Edward George BULWER-LYTTON

Titre original : The Coming Race, 1870
Science Fiction  - Traduction de Honoré DESTOUCHES
MARABOUT - GÉRARD, coll. Bibliothèque Marabout - Science fiction n° 438, 1973
256 pages, catégorie / prix : 3, ISBN : néant

Autres éditions
Sous le titre La Race à venir... celle qui nous exterminera !   CAMION BLANC, 2008
Sous le titre La Race à venir
   NOUVELLES ÉDITIONS OSWALD (NéO), 1987
Couverture

    Quatrième de couverture    
     Cette « race » habite les entrailles de la terre, elle a ses lois, ses coutumes, ses machines — une civilisation que les hommes qui vivent sous le soleil ne pourraient ni connaître ni comprendre. C'est une race totalement étrangère, totalement étrange. Une jour, elle quittera les ténèbres pour envahir notre globe et nous exterminer... Et ceci lui sera d'autant plus facile qu'elle possède une arme redoutable, le « vril », à coté de laquelle notre bombe nucléaire n'est qu'un pétard de carnaval....


    Sommaire    

    Cité dans les listes thématiques des oeuvres suivantes :     
 
    Critiques    
     Là, on nage jusqu'au cou dans l'antiquaille. Ce roman date de 1873 (juste un siècle !) et son auteur est surtout connu pour ce cheval de bataille qu'est Les derniers jours de Pompéi, popularisé à plusieurs reprises par le cinéma. O divine surprise : nous avons la joie de retrouver ici, encore une fois, une préface de Jacques Bergier. Ce dernier y enfourche certains de ses dadas favoris, en nous apprenant que Bulwer Lytton était un initié appartenant à « un groupe ultrasecret » et que la trame de son livre repose sur certaines traditions occultistes... Il nous affirme également, au passage, que La race à venir est « un des meilleurs livres de science-fiction ». Une fois digéré ce hors-d'œuvre, il faut bien en venir au plat de résistance. Hélas ! Le seul intérêt du roman est historique, en ce sens qu'il présente — avant Pellucidar de Burroughs et Le gouffre de la Lune de Merritt — l'idée du monde intérieur civilisé situé sous la croûte planétaire. Ce détail mis à part, l'ouvrage atteint un coefficient d'illisibilité rarement égalé. Plus prudent que Bergier, Pierre Versins dans son Encyclopédie se contente de dire qu'on a là « une œuvre dont on a beaucoup abusé dans certains milieux ésotériques ». Cette réédition se justifiait-elle ? On peut se poser la question.


Serge BERTRAND
Première parution : 1/8/1973
dans Fiction 236
Mise en ligne le : 28/10/2002


 
     En 1873, The coming race voyait le jour pour la première fois en volume en Angleterre.
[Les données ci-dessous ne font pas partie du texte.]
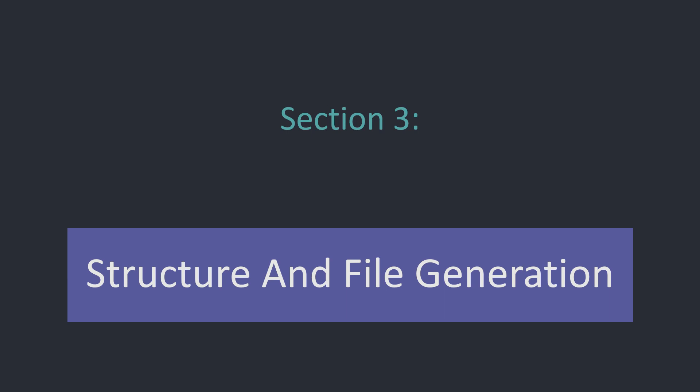Hello and welcome to this course on my own programming language MCScript. In this section we'll take a deeper look at the structure of our generated project and also how we can add new files and actually generate files with MCScript.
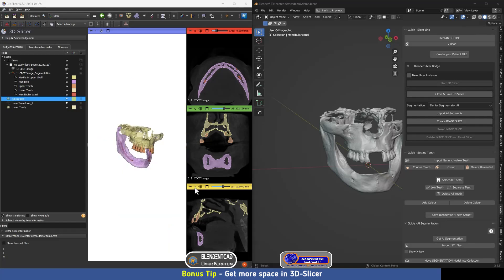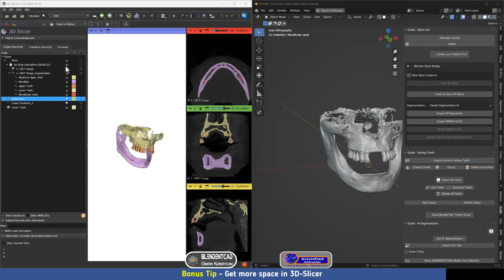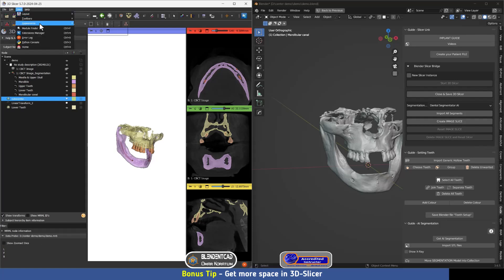Bonus tip: if you want more room for the 3D view and slices in 3D Slicer, you can remove the module panel by going to View, Appearance, and then clicking Show Module Panel to disable it.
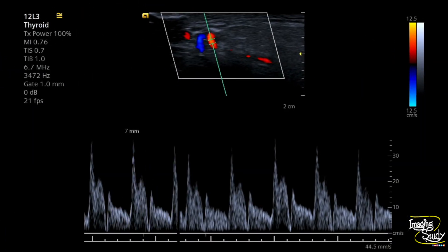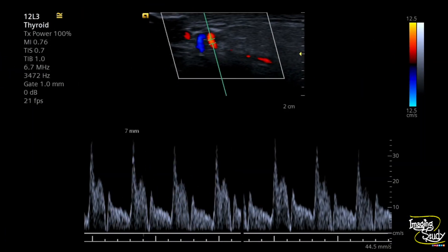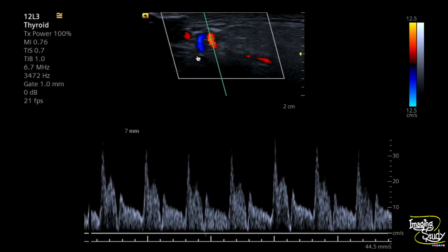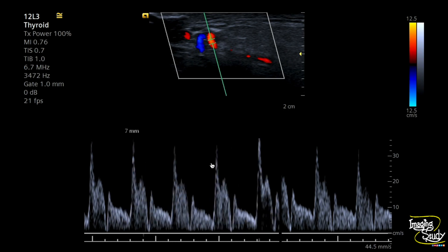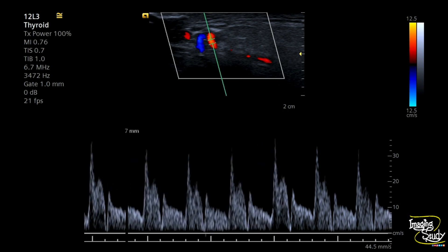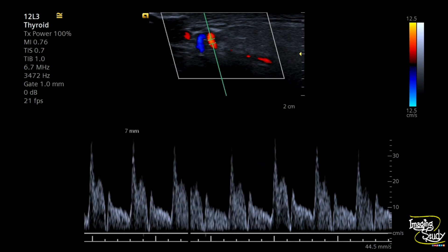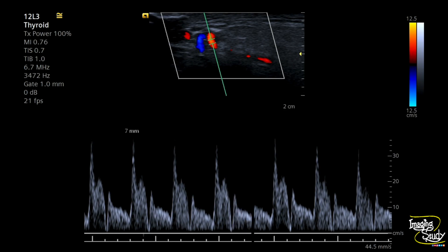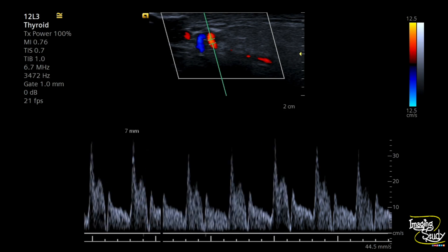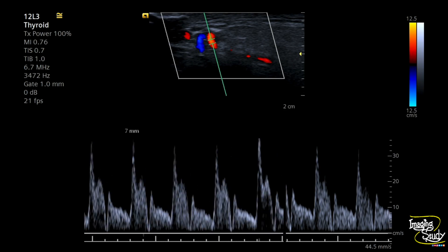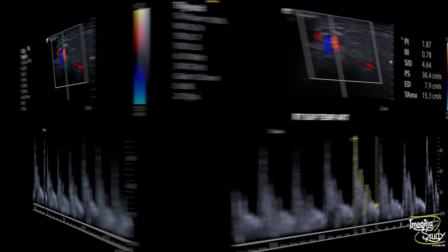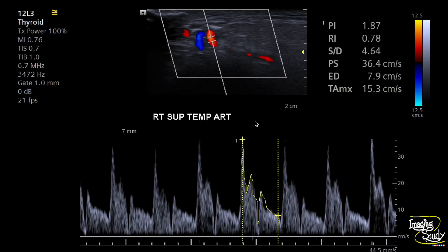Now let's look at the spectral Doppler. Here on the spectral Doppler from the most dilated part of the lumen, you can see it is showing a normal flow velocity of the superficial temporal artery with a good amount of diastolic component. The peak systolic velocity was around 36 cm per second.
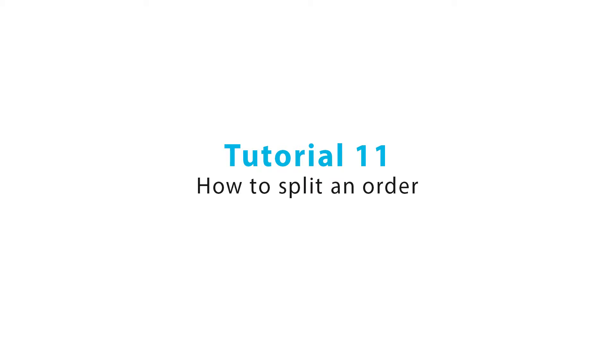Welcome to the Tall Order How To videos. Today I will show you how to split an order.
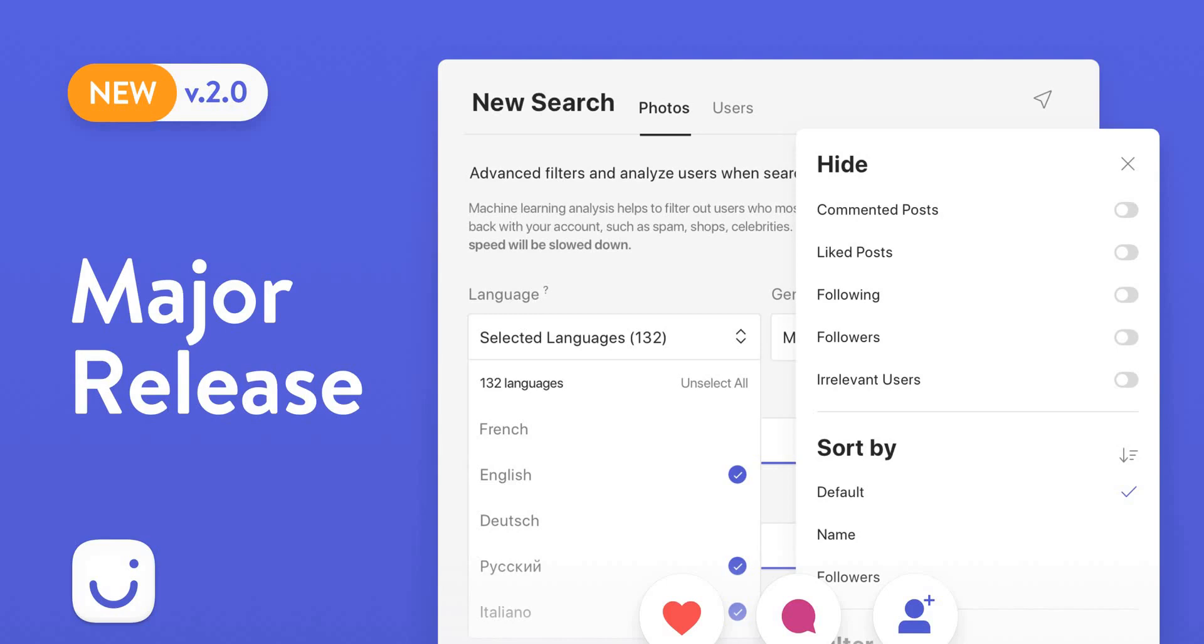Greetings, everybody! This is a new video guide for Combin.com. Today I will show you Combin 2.0 version release in action. Ready? Steady? Go!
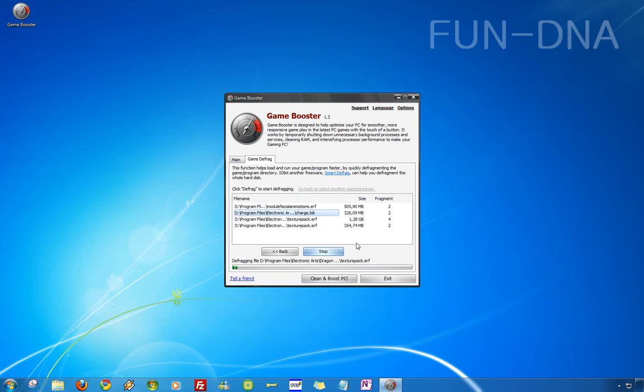And it's defragging the file. It doesn't go very fast but it goes fast enough. And if I'm right the game will load and run lots faster so it's a nice feature.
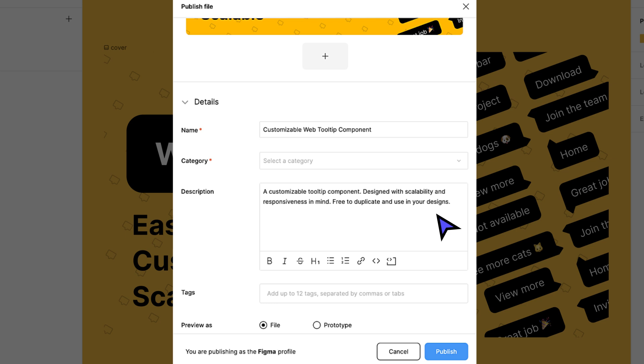If you really want to blow users' minds, consider including a changelog in your description. Changelogs help signal to current and potential users that you listen to feedback and actively maintain your resource. It's a great way to build a relationship with your users and keep them informed of changes to your resource.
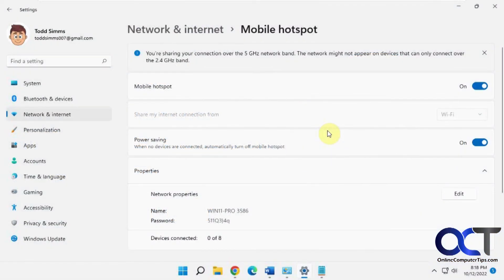Hi, in this video we're going to show you how to prevent your mobile hotspot from turning itself off in Windows. We're going to be doing this in Windows 11, but it should work the same for Windows 10.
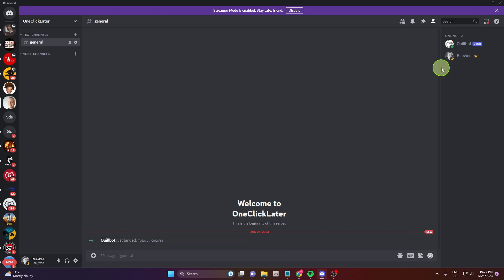And this is how you can add Quillbot to your server on Discord. Thank you for watching. If this video is helpful please hit the like button and if you want to support this channel subscribe the channel and see you later. Goodbye.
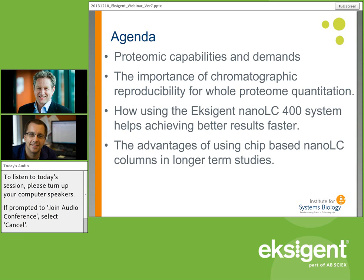I'll talk about how the Exigent Nano LC achieves better results a little bit faster, and how we can get our reproducibility to serve us a lot better with the advantages available to us with these different systems.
Publiée exactement cent ans après, cette réédition à bon marché de la traduction française a donc une valeur commémorative : c'est la seule. « Pour nous, la nouveauté est une séduction : on lit un livre nouveau, même mauvais, tandis qu'on néglige un livre ancien qui est excellent », dit Bulwer Lytton page 141 : s'il a raison de se plaindre ainsi de nos mœurs culturelles, il y aura peu de lecteurs pour ce livre, qui n'a pour lui ni la nouveauté ni l'excellence ! Jacques Bergier, dans sa préface, veut y voir « un des meilleurs livres de science-fiction ». Cela tendrait à prouver soit qu'il n'en a pas lu beaucoup, soit que nous n'avons pas la même conception de la science-fiction.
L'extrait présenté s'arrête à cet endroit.